After I woke up but before I decided that yes, I probably did need to get out of bed to go back to pick up my stuff from the church yard sale, I thought of the waiting room at the Toyota dealership in Kigali. I don't know why. It's not a place where I spent that much time, nor one that I have any need to think about, but suddenly there it was, with its darkened glass and sample sets of tires. It's funny how things come back to you when you don't even need them, when you may never need them again.
When E. came to Rwanda in 2004 to help me out for a few weeks, we were on our way to the Toyota dealership when the baby Land Cruiser's tire deflated. A person in a passing vehicle on the road to the dealership and further to Uganda waved out the window at us, and finally I figured out what he was trying to convey and pulled off to the side of the road.
People gathered, as they do, and I tried to change the tire, with a lot of assistance from the gathered men, in particular, but it was to no avail for an embarrassingly long time. I do know how to change a tire, but there was some complication that I cannot actually remember. Perhaps E. would remember it. I need a key for... something. To unlock the spare? Yes, I think that was it. I could take off the old, deflated tire but I had the wrong set of keys with me, and the spare was locked onto the back of the truck. The key to unlock it was back in Kibuye.
We scratched our heads for a while, and then I left E., on her first day in the country, along the side of the road with the truck and all of our stuff. I hired two bicycle taxis, one for the deflated tire and one for me, and we set off, the tire balanced precariously on the back of the bicycle in front of me, and me balanced precariously sideways on the back of the second bicycle, the mile or two down the road to get the tire repaired at the Toyota dealership.
...
Today, I got up and went back to the yard sale, where I bought still more, an ironing board and a fan and a jewelry box and a stand mixer and a dishrack and a saw and a little box of tiny drawers full of nails and washers and nuts and bolts and screws, and a couple of men from the church threw everything in a trailer and brought it to my house.

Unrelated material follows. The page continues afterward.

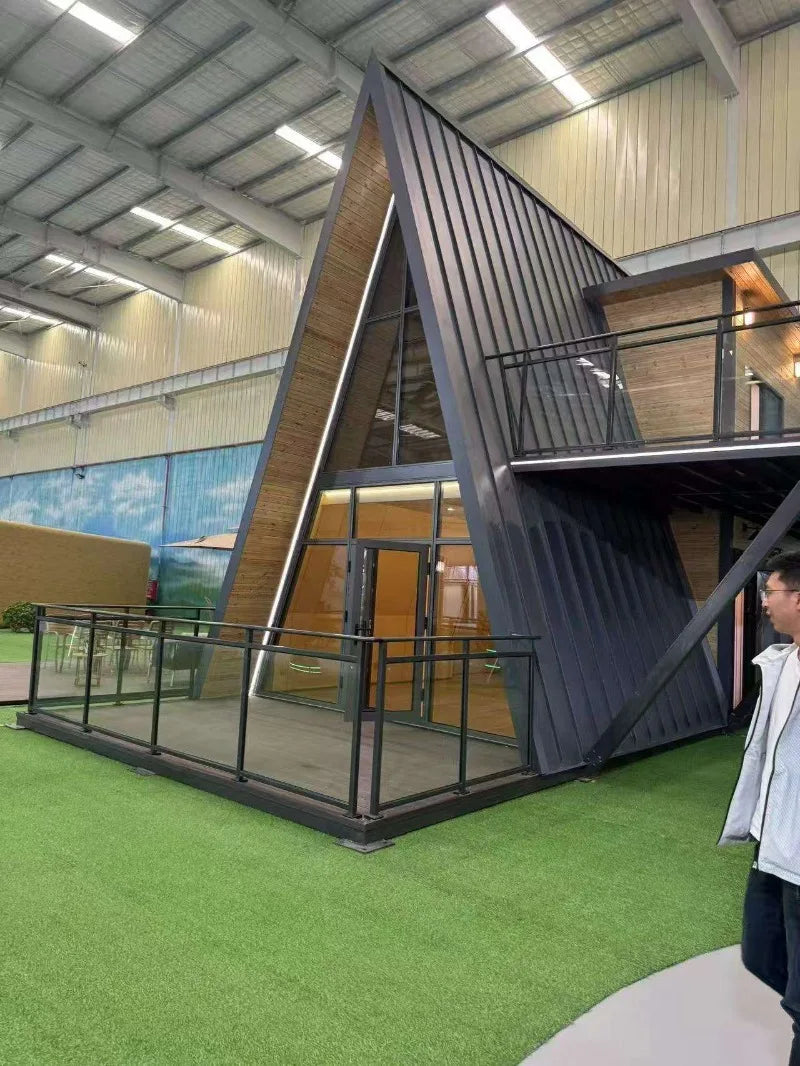 Customized Prefab Modular Cabin Solar Energy Compatible Insulated Soundproof Interior Anti Seismic Foldable Tiny Villa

I need most of those things. The recipe for the last cake I baked, the night before I left Gone West City, called for "beat[ing] eggs until thickened slightly and lemon colored." Try doing that with a wooden spoon. It takes quite some time, and it does not do well for the golf elbow.
Still, I begin to see the need for a garage.
Not for the future car.
For the (useful) stuff.
...
We drove out of the city to a vineyard on a hill.
"Are those the vines the wine comes from?" J. asked, gesturing outside the tasting room and the proprietor laughed.
"No, those are basically dead. They are just there for show. Our vineyards are further out."
Later, after a girl and her date left, he told us that she's come there with three or four different guys. "This time, she looked at me with a worried look, like she thought I would say something wrong."
We took a bottle of rosé out to the picnic table and ate chunks of baguette with cheese and tomato and roasted peppers and avocado falling out of them.
At the next winery, a man played an accordion and I took M.'s big fancy camera and snapped picture after picture of the blue grapes* and the rows of green vines meeting the darker green of the hills and then of M. singing Edelweiss along with the accordion man and M. and S.K. dancing around in circles.
* M. handed me some grapes from a bunch she got off the ground, telling me how delicious they were, and they looked so much like blueberries that I kept chewing straight into the pit and then making faces and spitting out the whole thing and I thought they just tasted bad until a few minutes later when I remembered that you don't eat the seeds with the grapes, and I ate a few grapes without the seeds. They were delicious.